### [What to work on]
Set down the data below without change, skipping the pictures it holds.
== Source material ==
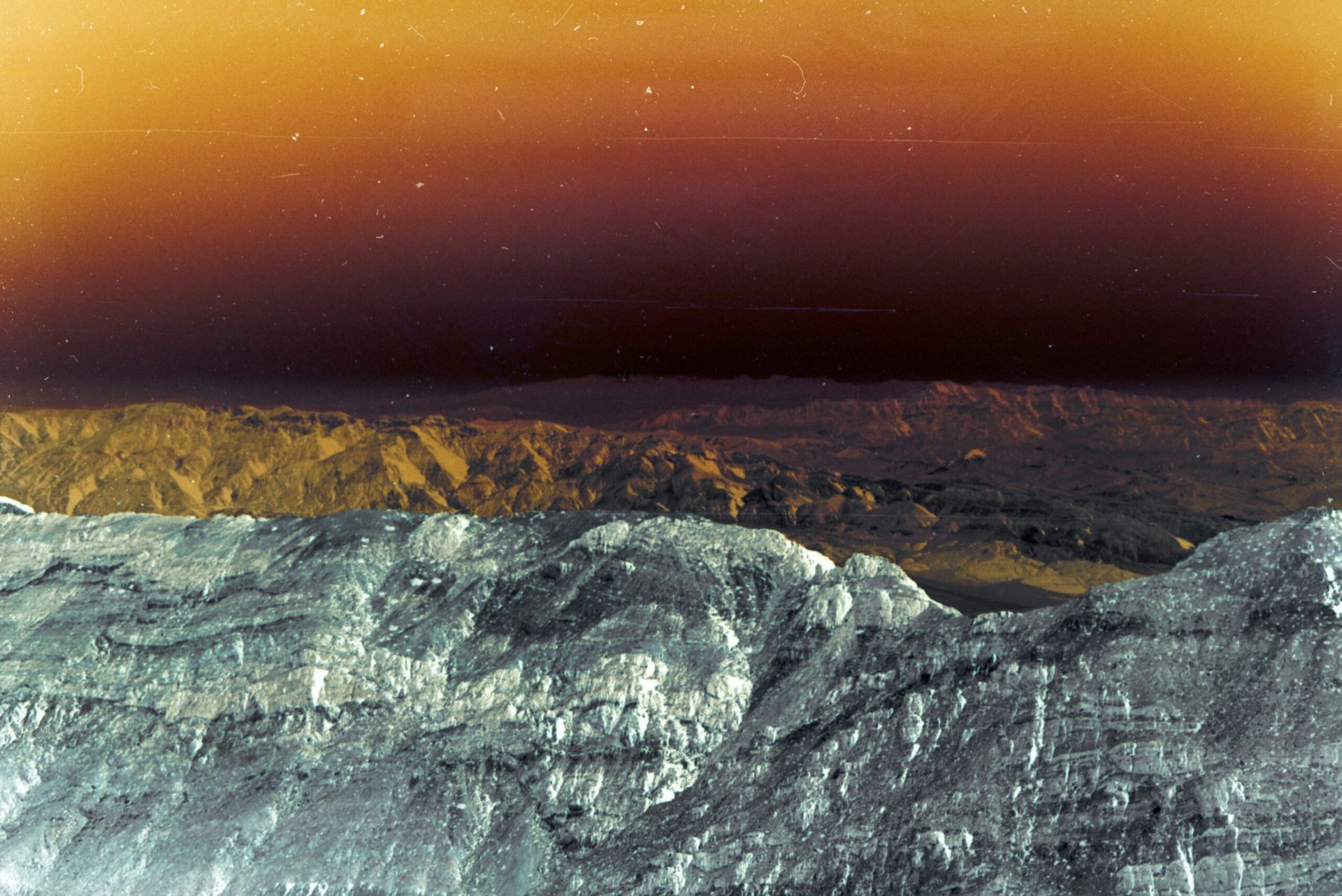 NASA’s Europa Clipper Mission Makes Historic Close Flyby, Unveils New Clues to Oceanic Life Potential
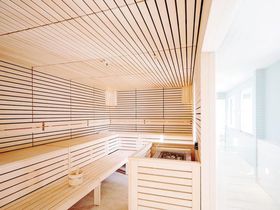 Städtetrip nach Bregenz - Natur, Kultur & unvergessliche Erlebnisse am Bodensee | 1 Nacht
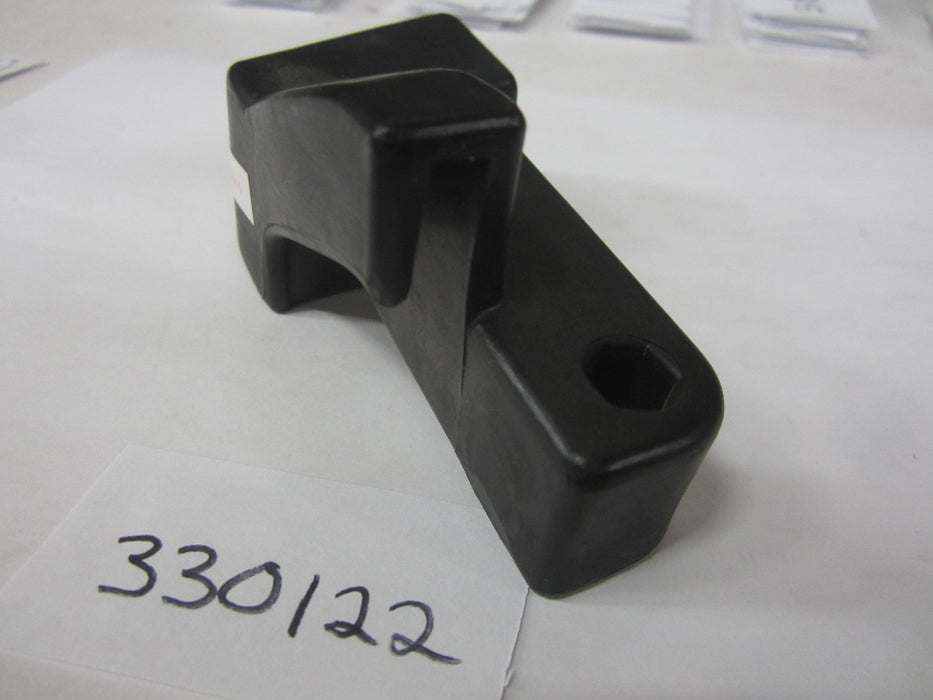 Engine/Motor Parts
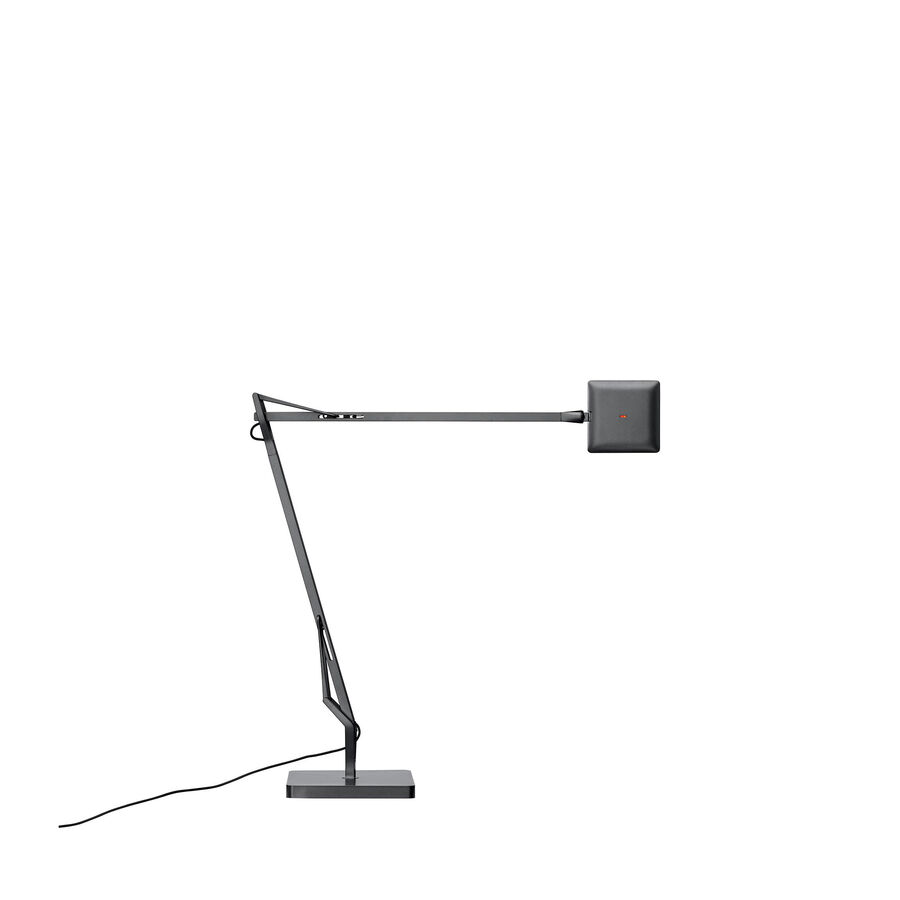 Flos Kelvin Edge Base lamp, Last Call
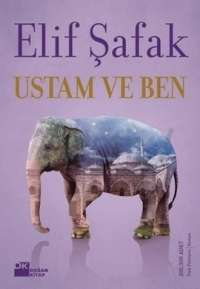 İri Gözlü Anamur Güzeli Melis
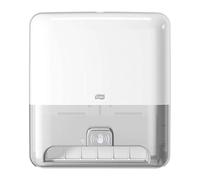 TORK Papierhandtuchspender Matic® H1 (551100)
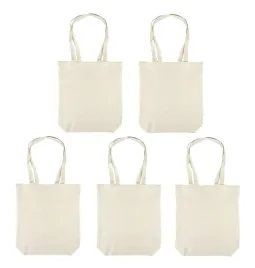 torba-bawelniana-na-zakupy-z-uszami-220g-poszerzana-380x420-eko-5-sztuk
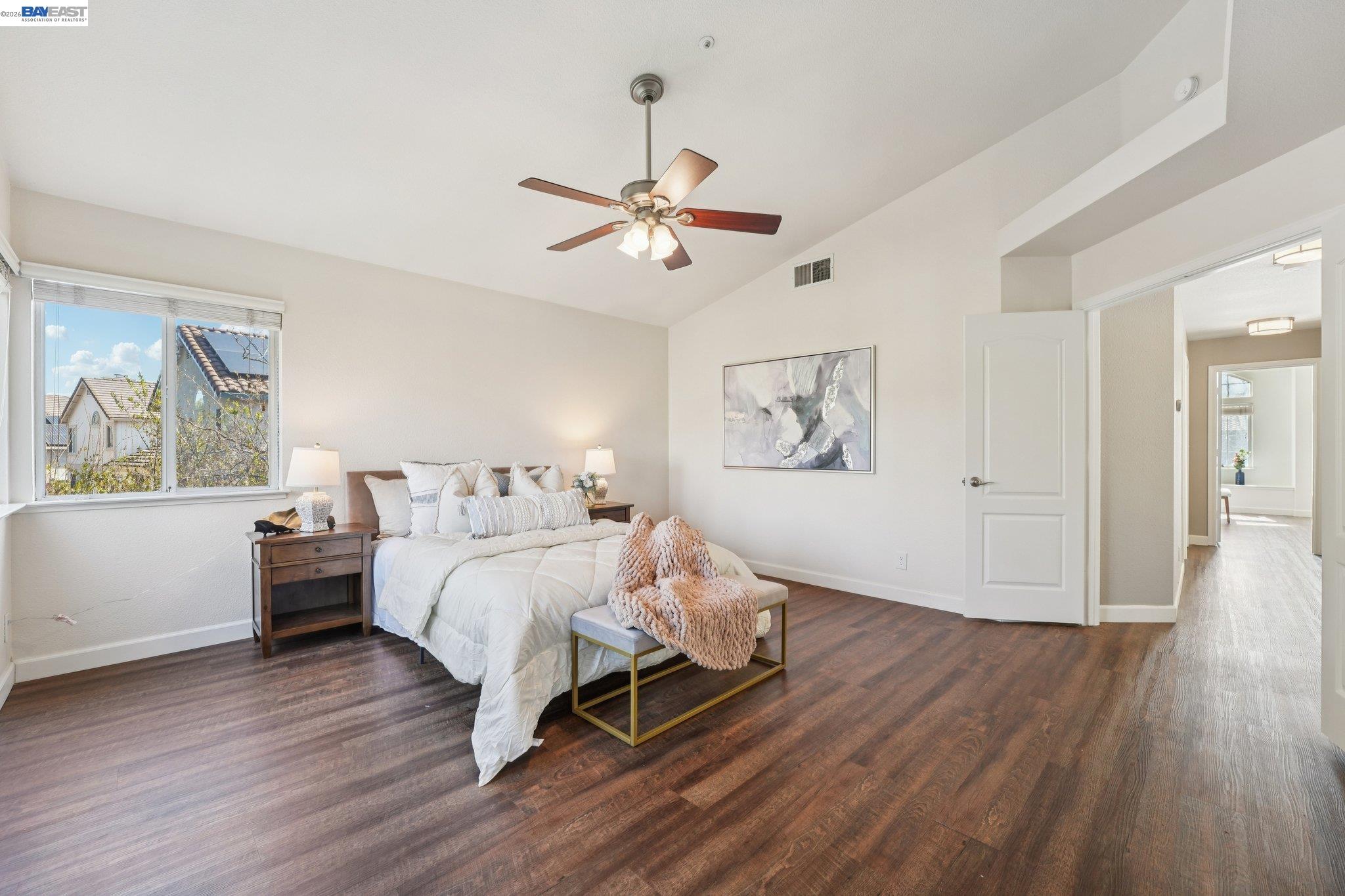 Detail Gallery Image 28 of 60 For 1042 Dana Cir, Livermore,  CA 94550 - 4 Beds | 3 Baths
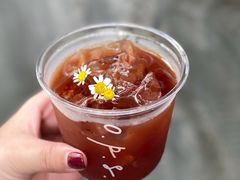 Blooming&nbsp;&&nbsp;Breathing-O.P.S. CAFE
===
### [Result of the task]
 NASA’s Europa Clipper Mission Makes Historic Close Flyby, Unveils New Clues to Oceanic Life Potential
 Städtetrip nach Bregenz - Natur, Kultur & unvergessliche Erlebnisse am Bodensee | 1 Nacht
 Engine/Motor Parts
 Flos Kelvin Edge Base lamp, Last Call
 İri Gözlü Anamur Güzeli Melis
 TORK Papierhandtuchspender Matic® H1 (551100)
 torba-bawelniana-na-zakupy-z-uszami-220g-poszerzana-380x420-eko-5-sztuk
 Detail Gallery Image 28 of 60 For 1042 Dana Cir, Livermore,  CA 94550 - 4 Beds | 3 Baths
 Blooming&nbsp;&&nbsp;Breathing-O.P.S. CAFE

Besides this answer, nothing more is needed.